Он оскорблялся даже не тем, что его пытались так тупо надуть. По-настоящему неприятны были попытки санитара
как бы напялить на него свою физиономию, тогда как Фомин, лежа иногда тет-а-тет, язвительно рассуждал, что лица Санчика, Славика, а заодно и Стасика очень напоминают кукиши – плотностью сложения и отсутствием черт лица. Сказать об этом прямо он, конечно, не рисковал. Но Санчик, который, по-видимому, догадывался в чем дело, обиженно провоцировал разговор, готовя в ответ, может быть, что-то и похуже ливанского кедра.Иногда он упирался тоже, и ворчливое переругивание длилось до самого врачебного обхода, то есть до той поры, пока в дверь не заглядывал еще один кукиш, но грустный и пожилой.

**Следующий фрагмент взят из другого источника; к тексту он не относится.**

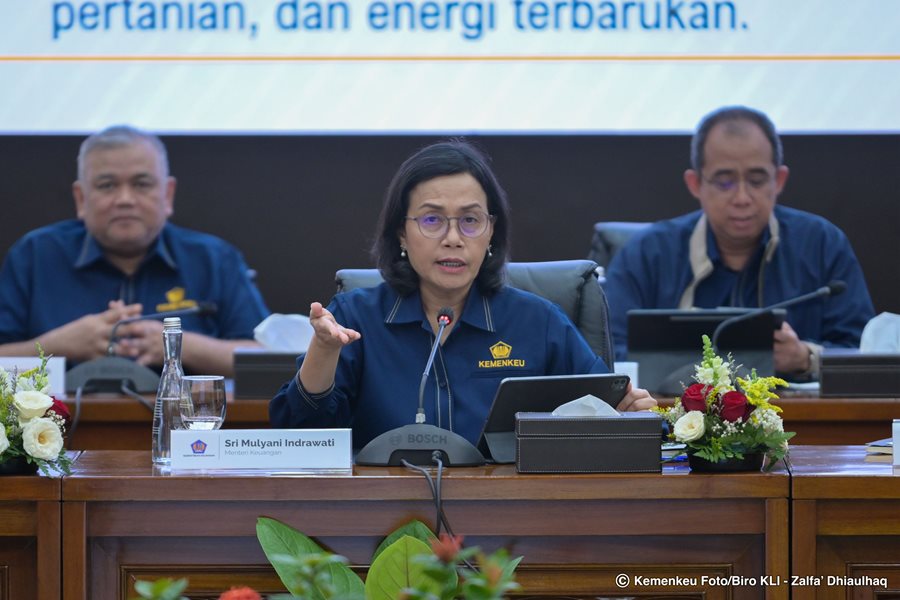 Menteri Keuangan Sri Mulyani Indrawati memberikan paparan kinerja APBN hingga akhir Maret 2025 dalam konferensi pers APBN KiTa edisi April 2025 di Kantor Pusat Kementerian Keuangan, Rabu (30/4/2025). (Dok/Kemenkeu)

Повисев в щели совершенно как Славик, он задавал один и тот же вопрос: "Ну, как у нас дела?"
– Хорошо,– вежливо кивал Фомин. Кукиш заметно огорчался и кисло замечал, что это хорошо. Затем он спрашивал, помнит ли Фомин, где удалось его задержать, и не смущает ли его, что первый этаж находился значительно ниже подвала. Получив два утвердительных ответа, он грустнел еще сильней, а когда Фомин поспешно предполагал, что подподвальность этажа ему скорее всего почудилась, разве такое возможно? – врач вял совсем. Он спрашивал, какой теперь день, и Фомин резонно отвечал, что теперь ночь. Напирая на слово "тяжело", врач справлялся, а не беспокоит ли очень тяжелобольного то обстоятельство, что за окном постоянная ночь. Обстоятельство беспокоило – за окном действительно стояла ночь, и все время горел фонарь,– но обсуждать этот вопрос с психиатром, который прятался за дверью, очевидно считая его буйным, Лев Николаевич не хотел.
– Не знаю… Как-то, знаете, привык,– улыбался он. Он улыбался честно, поскольку говорил правду.
Врач говорил докторское "ну-ну", хотя оно звучало скорее угрожающе – тем паче, при этом он грозил кулаком Санчику, на что тот тоже с улыбкой разводил руками, а сразу после ухода доктора весело констатировал:
– Да-с, батенька… Есть такая часть мозга – "гипофиг" называется. Вас и в самом деле надо лечить.
– Почему? – спрашивал Фомин.
– А нипочему! – мстительно лыбился Санчик, размахнув руки еще раз.
А за дверью тем временем шевелилась живая тишина, словно там тоже разводили руками или по крайней мере невиновато вертели для кого-то головой. И от этой тишины Лев Николаевич ждал неприятностей настоящих.
Поэтому он не удивился, когда закрытая в очередной раз дверь вдруг приоткрылась опять, но узко, и Санчик, ругнувшись "ипликатором", неохотно вышел в коридор. Он отсутствовал меньше минуты, но вернулся с сильно припоганенным лицом, а халат на груди был сжамкан в две крутые жмени, как будто на пороге Санчика поджидал любовник, от которого он едва отбился.
Встав точно напротив, санитар по-медицински перелистал вынутую из кармана медицинскую карту – причем так, чтобы Фомин успел разглядеть, что история болезни принадлежит действительно ему, Фомину, и что она взята из архива,– а затем, угрюмо зыркнув на дверь, громко спросил, не смущает ли больного тот факт, что карта сдана в архив в восемьдесят седьмом году.
– Вероятно, из-за пенсии,– кивнул Фомин.– А что?
Санчик дернул ртом, но отчужденным голосом добавил опасение, что больного может обеспокоить копия свидетельства о смерти, подклеенная вот здесь, к последней странице, видите или нет.
– Может быть, ошибка? – мягко, тоже для психиатра за дверью, предположил Лев Николаевич. Не зная, что сказать еще, он просто переждал, пока санитар, пошлепав картой по руке, сворачивал ее в трубку, засовывал в карман и объявлял, что теперь его будут лечить в другом месте.
Поднятый за шиворот, он спросил, как следовало спросить:
– То есть в другом отделении?
Но санитар прошипел "чу-чу" и с ненужной силой пихнул в дверь.